= Lola Lange =

Canadian feminist (1922–2013)

Lola M. Lange (1922-25 December 2013) was a Canadian rural feminist and a member of the Royal Commission on the Status of Women.

== Biography ==
Lange was born and raised in Edmonton, Alberta. She took an interest in music during her childhood, and was both a pianist and an organist as a young adult. In 1943, she married Ottomar Lange and moved to his family farm near Claresholm. The farm's isolation and the lack of a music scene in Claresholm proved to be a culture shock for Lange. Deprived of her favourite pastimes, she took art classes and became involved in rural organizations such as 4-H and the Alberta Farm Wives' Union. She also had three daughters between 1944 and 1953.

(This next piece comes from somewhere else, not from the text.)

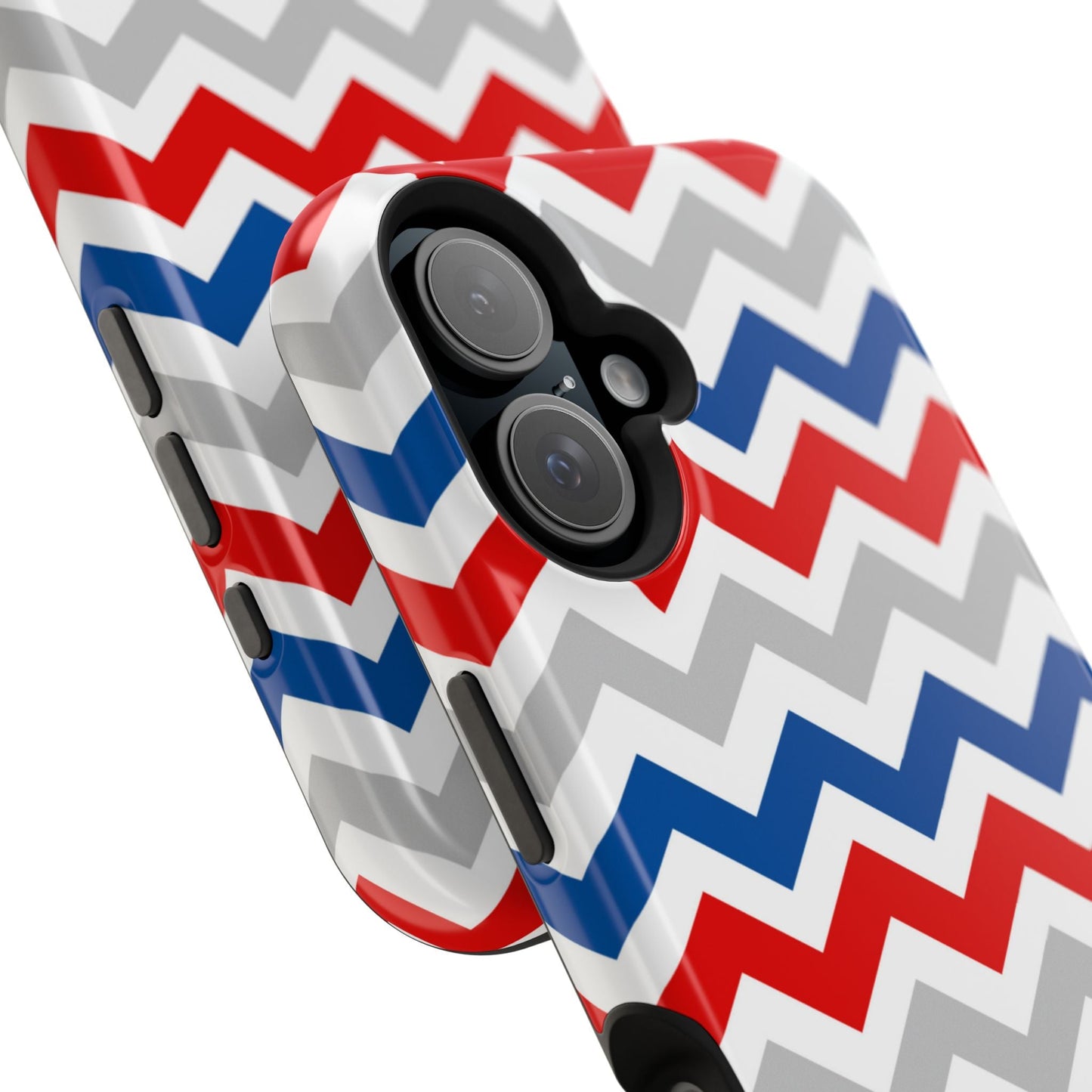 Patriotic Red, White & Blue Chevron – MagSafe Compatible iPhone Case - BOGO Cases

In 1967, the Bank of Montreal awarded Lange a grant to study the effects of continuing education on farmers. Her research and her work with rural groups drew the attention of the Canadian government during the formation of the Royal Commission on the Status of Women, and she joined the commission to represent the interests of rural women. According to Lange, she was invited to join the commission through a surprise call to her home from Prime Minister Lester B. Pearson. Lange initially committed to serve one year on the commission, but ultimately served for four years. The commission listened to the testimony and concerns of women at hearings across Canada; at Lange's urging, they also set up a telephone line for women too isolated or busy to attend the hearings. Despite the occasionally adverse responses to their effort - at one hearing, a male audience member suggested that women who smoked should be shot, likely alluding to Lange's cigarette-smoking habit - the commission collected hundreds of responses from women across Canada. Lange and Florence Bird also travelled to Canada's northern territories to interview indigenous Canadians for the project. The committee distributed a report on its findings in 1970. As no copies of the report were initially available in Alberta or Saskatchewan, Lange lobbied the government to increase its distribution of the report; due to the efforts of her and the other commissioners, nearly 20,000 copies of the report were eventually sold.

Lange later concluded that her role on the commission had helped her develop an identity as a woman, rather than just as a wife or a mother. Her time away from home had a negative effect on her marriage, and she divorced her husband and took a job of her own shortly after returning to Alberta. According to her daughter Nadine, she did not talk about her time on the commission later in her life, which Nadine attributed to the custom of her generation.